Reply to doubt concerning stopping rules
posted Sep 11, 2012, 2:02 PM by Jack Siegrist
I don't see why the probability calculations given in the example can only be applied to each respective possible stopping rule. It seems to me that each of those probability calculations could be useful for both of the stopping rules, and neither one should be favored for inference for a given stopping rule. Following is an example doing the simulation equivalents with r-code:
Imagine the data were (0 is failure, 1 is success):
0 0 0 0 0 0 0 0 1 0 1 1,
for 12 total experiments.
myData <- c(0,0,0,0,0,0,0,0,1,0,1,1)
(n <- length(myData))
nReps <- 1000
In the example in the previous post, the first probability calculation would be consistent with the following simulation:
# TEST 1
results1 <- matrix(rep(NA, nReps * n), ncol = n)

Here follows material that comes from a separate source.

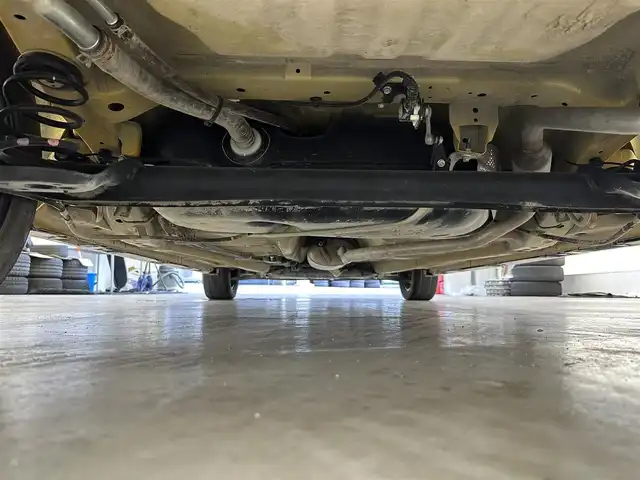 スズキ スペーシア ギア HYBRID XZ 滋賀県 2023(令5)年 2.3万km アクティブイエロー/ガンメタリック2トーン 純正8インチナビ/両側パワースライドドア/追従クルーズコントロール/全方位カメラ・バックカメラ/コーナーセンサー/LEDヘッドライト/シートヒーター/CD/DVD/SD/Bluetooth/フルセグ/ヘッドアップディスプレイ/スマートキー/ETC/スペアキー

for(i in 1:nReps){results1[i, ] <- rbinom(n = n, size = 1, prob = .5)}
(test1 <- sum(apply(X = results1, MARGIN = 1, FUN = sum) <= 3) / nReps)
The second probability calculation would be consistent with the next simulation:
# TEST 2
results2 <- rep(NA, times = nReps)
for(i in 1:nReps){
firstDraws <- rbinom(n = 3, size = 1, prob = .5)
cumDraws <- firstDraws
while(sum(cumDraws) < 3){
thisDraw <- rbinom(n = 1, size = 1, prob = .5)
cumDraws <- append(cumDraws, thisDraw)
}
results2[i] <- length(cumDraws)
}
(test2 <- sum(results2 >= n) / nReps)
But what if Jack comes along and says that he thinks the data could have been collected using a stopping rule of stop after you see two successes in a row. This stopping rule could use either of the two previous statistics (fewer than 3 successes and greater than 12 observations before the stopping rule).
# TESTS 3 AND 4
results3 <- rep(NA, times = nReps)
results4 <- rep(NA, times = nReps)
for(i in 1:nReps){
firstDraws <- rbinom(n = 3, size = 1, prob = .5)
cumDraws <- firstDraws
while(sum(cumDraws[(length(cumDraws) - 1):length(cumDraws)]) < 2){
thisDraw <- rbinom(n = 1, size = 1, prob = .5)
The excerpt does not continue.